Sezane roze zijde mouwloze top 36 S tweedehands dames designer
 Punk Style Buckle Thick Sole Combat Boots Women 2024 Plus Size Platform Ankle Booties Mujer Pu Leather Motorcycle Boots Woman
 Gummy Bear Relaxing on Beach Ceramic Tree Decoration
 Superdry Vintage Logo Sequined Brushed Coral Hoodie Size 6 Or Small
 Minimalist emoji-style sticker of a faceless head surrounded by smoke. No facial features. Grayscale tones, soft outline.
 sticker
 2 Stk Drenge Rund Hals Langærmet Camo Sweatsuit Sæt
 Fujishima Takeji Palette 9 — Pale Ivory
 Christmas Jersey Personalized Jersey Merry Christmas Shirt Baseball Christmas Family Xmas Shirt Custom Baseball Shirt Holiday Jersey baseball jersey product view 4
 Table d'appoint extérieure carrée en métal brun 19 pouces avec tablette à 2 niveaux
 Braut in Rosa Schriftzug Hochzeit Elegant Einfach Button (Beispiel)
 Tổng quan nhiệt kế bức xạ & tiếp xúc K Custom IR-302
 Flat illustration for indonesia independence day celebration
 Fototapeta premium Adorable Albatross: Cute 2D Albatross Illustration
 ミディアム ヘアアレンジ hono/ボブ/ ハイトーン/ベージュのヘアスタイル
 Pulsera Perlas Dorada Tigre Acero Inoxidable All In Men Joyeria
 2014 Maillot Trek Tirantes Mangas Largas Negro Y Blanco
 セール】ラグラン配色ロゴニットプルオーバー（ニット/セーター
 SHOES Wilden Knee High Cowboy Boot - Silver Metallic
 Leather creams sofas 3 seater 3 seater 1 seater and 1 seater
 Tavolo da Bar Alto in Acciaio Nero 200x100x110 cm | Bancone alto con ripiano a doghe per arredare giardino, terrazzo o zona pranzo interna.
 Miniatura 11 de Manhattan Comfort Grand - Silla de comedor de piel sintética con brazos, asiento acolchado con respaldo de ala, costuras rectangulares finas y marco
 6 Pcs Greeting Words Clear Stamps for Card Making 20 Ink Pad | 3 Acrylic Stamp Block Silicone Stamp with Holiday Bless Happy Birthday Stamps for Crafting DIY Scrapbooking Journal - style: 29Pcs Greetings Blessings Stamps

What is expected: Write out each entry again, character for character.

Answer space:
Sezane roze zijde mouwloze top 36 S tweedehands dames designer
 Punk Style Buckle Thick Sole Combat Boots Women 2024 Plus Size Platform Ankle Booties Mujer Pu Leather Motorcycle Boots Woman
 Gummy Bear Relaxing on Beach Ceramic Tree Decoration
 Superdry Vintage Logo Sequined Brushed Coral Hoodie Size 6 Or Small
 Minimalist emoji-style sticker of a faceless head surrounded by smoke. No facial features. Grayscale tones, soft outline.
 sticker
 2 Stk Drenge Rund Hals Langærmet Camo Sweatsuit Sæt
 Fujishima Takeji Palette 9 — Pale Ivory
 Christmas Jersey Personalized Jersey Merry Christmas Shirt Baseball Christmas Family Xmas Shirt Custom Baseball Shirt Holiday Jersey baseball jersey product view 4
 Table d'appoint extérieure carrée en métal brun 19 pouces avec tablette à 2 niveaux
 Braut in Rosa Schriftzug Hochzeit Elegant Einfach Button (Beispiel)
 Tổng quan nhiệt kế bức xạ & tiếp xúc K Custom IR-302
 Flat illustration for indonesia independence day celebration
 Fototapeta premium Adorable Albatross: Cute 2D Albatross Illustration
 ミディアム ヘアアレンジ hono/ボブ/ ハイトーン/ベージュのヘアスタイル
 Pulsera Perlas Dorada Tigre Acero Inoxidable All In Men Joyeria
 2014 Maillot Trek Tirantes Mangas Largas Negro Y Blanco
 セール】ラグラン配色ロゴニットプルオーバー（ニット/セーター
 SHOES Wilden Knee High Cowboy Boot - Silver Metallic
 Leather creams sofas 3 seater 3 seater 1 seater and 1 seater
 Tavolo da Bar Alto in Acciaio Nero 200x100x110 cm | Bancone alto con ripiano a doghe per arredare giardino, terrazzo o zona pranzo interna.
 Miniatura 11 de Manhattan Comfort Grand - Silla de comedor de piel sintética con brazos, asiento acolchado con respaldo de ala, costuras rectangulares finas y marco
 6 Pcs Greeting Words Clear Stamps for Card Making 20 Ink Pad | 3 Acrylic Stamp Block Silicone Stamp with Holiday Bless Happy Birthday Stamps for Crafting DIY Scrapbooking Journal - style: 29Pcs Greetings Blessings Stamps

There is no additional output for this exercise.